EXERCISE INSTRUCTIONS — Repeat the data that follows exactly, starting at the line with "[upl. by Arri]" and ending at the line with "Diet Lifestyle: Lose", and leave out every picture.

[DATA EXTRACTS Boundary: Start]

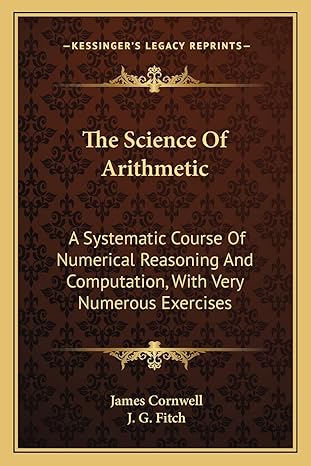 the science of arithmetic a systematic course of numerical reasoning and computation with very numerous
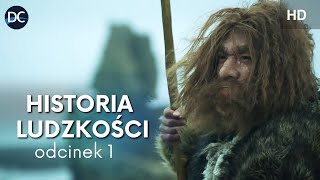 Historia ludzkości  Ep1  Film dokumentalny lektor pl  Historia i dzieje człowieka  Prehistoria [upl. by Arri]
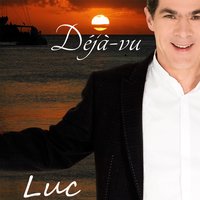 Déjà-Vu - Luc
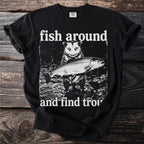 Black t-shirt with opossum holding a trout and text "fish around and find trout".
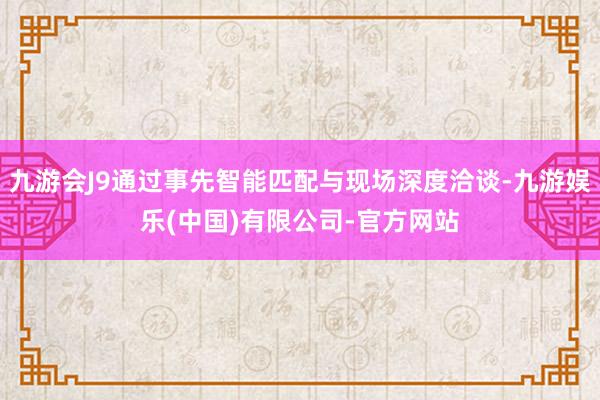 九游会J9通过事先智能匹配与现场深度洽谈-九游娱乐(中国)有限公司-官方网站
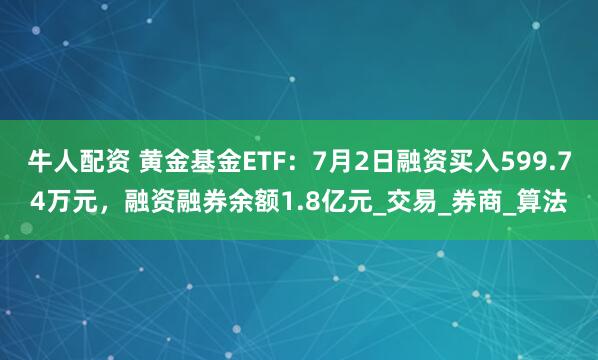 牛人配资 黄金基金ETF：7月2日融资买入599.74万元，融资融券余额1.8亿元_交易_券商_算法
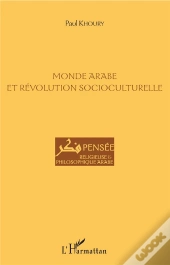 Monde Arabe Et Revolution Socioculturelle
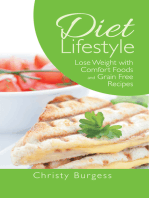 Diet Lifestyle: Lose Weight with Comfort Foods and Grain Free Recipes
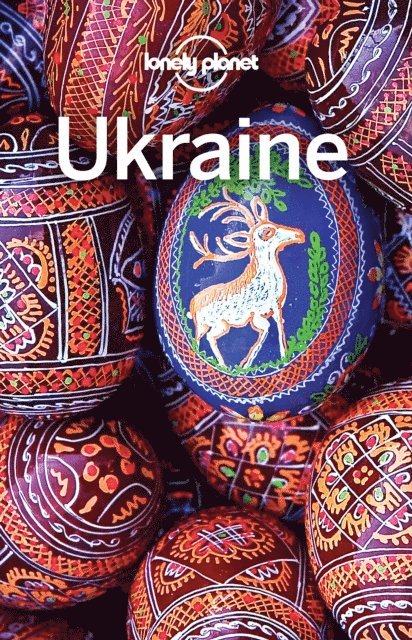 Leonid Ragozin, Greg Bloom, Marc Di Duca - Lonely Planet Ukraine, E-bok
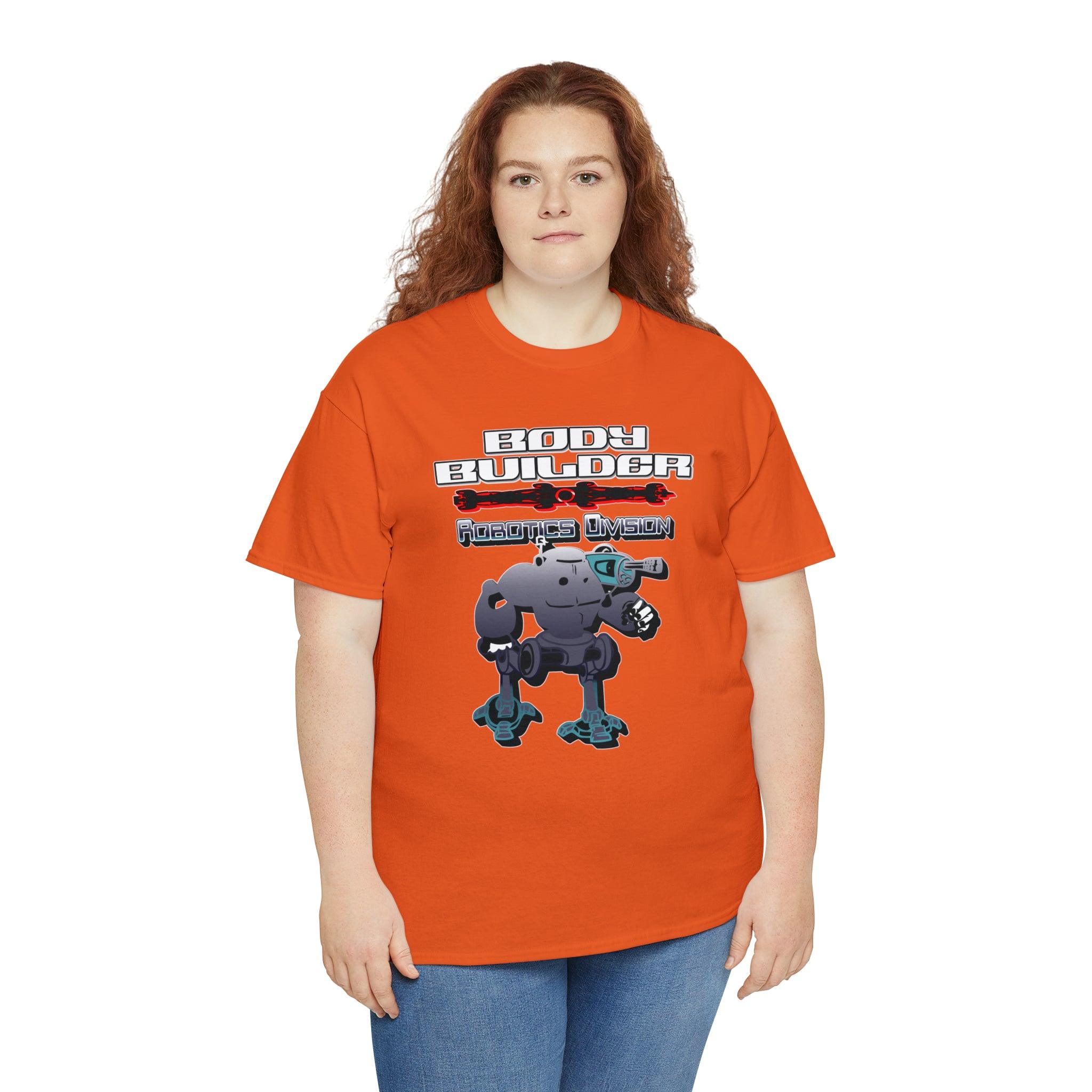 Body Builder Robotics Division - T-Shirt - Witty Twisters Fashions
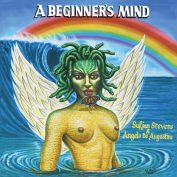 Sufjan Stevens & Angelo de Augustine x Daniel Anum Jasper – A Beginner’s Mind
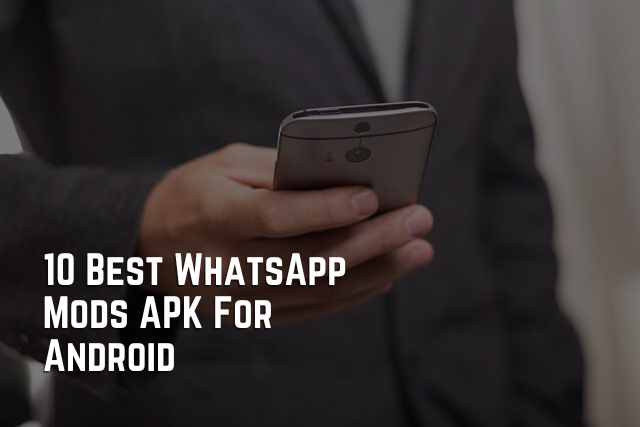 WhatsApp Mods APK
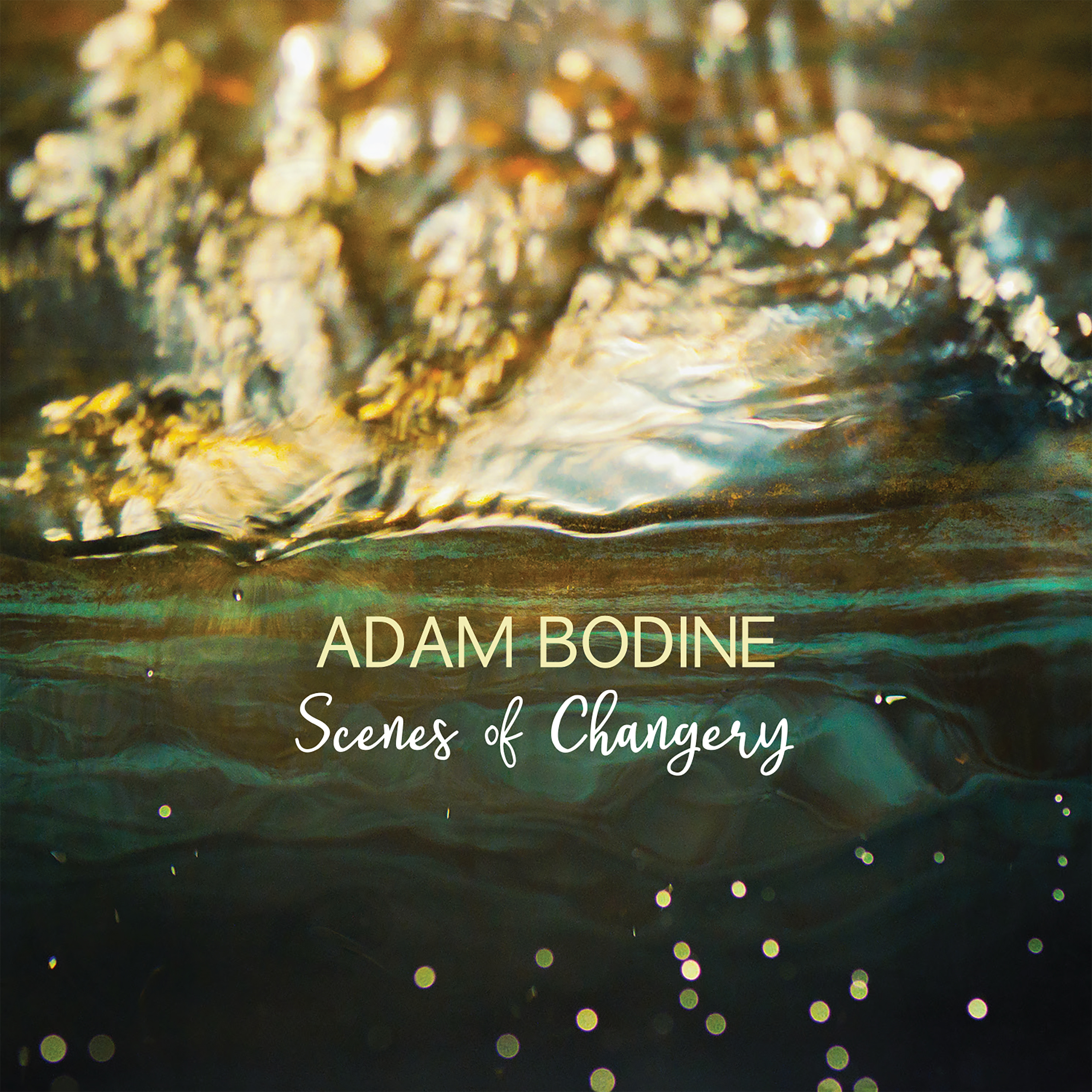 Adam Bodine - Scenes of Changery
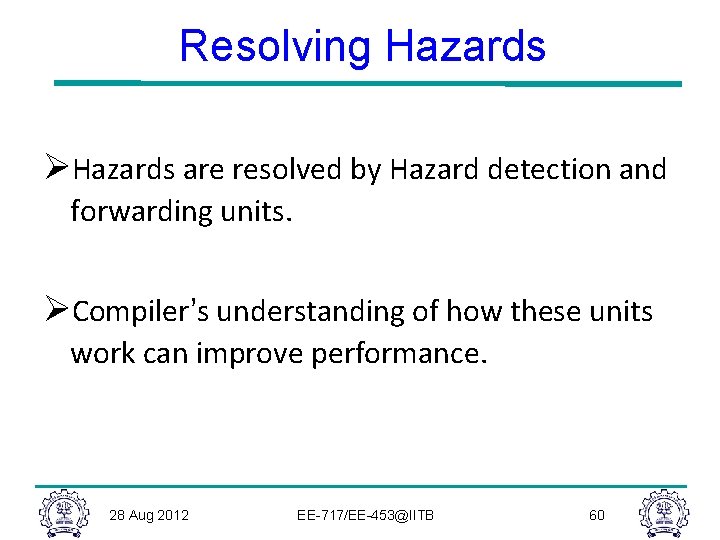 Resolving Hazards ØHazards are resolved by Hazard detection and forwarding units. ØCompiler’s understanding of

[DATA EXTRACTS Boundary: End]

RESPONSE AREA —
 Historia ludzkości  Ep1  Film dokumentalny lektor pl  Historia i dzieje człowieka  Prehistoria [upl. by Arri]
 Déjà-Vu - Luc
 Black t-shirt with opossum holding a trout and text "fish around and find trout".
 九游会J9通过事先智能匹配与现场深度洽谈-九游娱乐(中国)有限公司-官方网站
 牛人配资 黄金基金ETF：7月2日融资买入599.74万元，融资融券余额1.8亿元_交易_券商_算法
 Monde Arabe Et Revolution Socioculturelle
 Diet Lifestyle: Lose Weight with Comfort Foods and Grain Free Recipes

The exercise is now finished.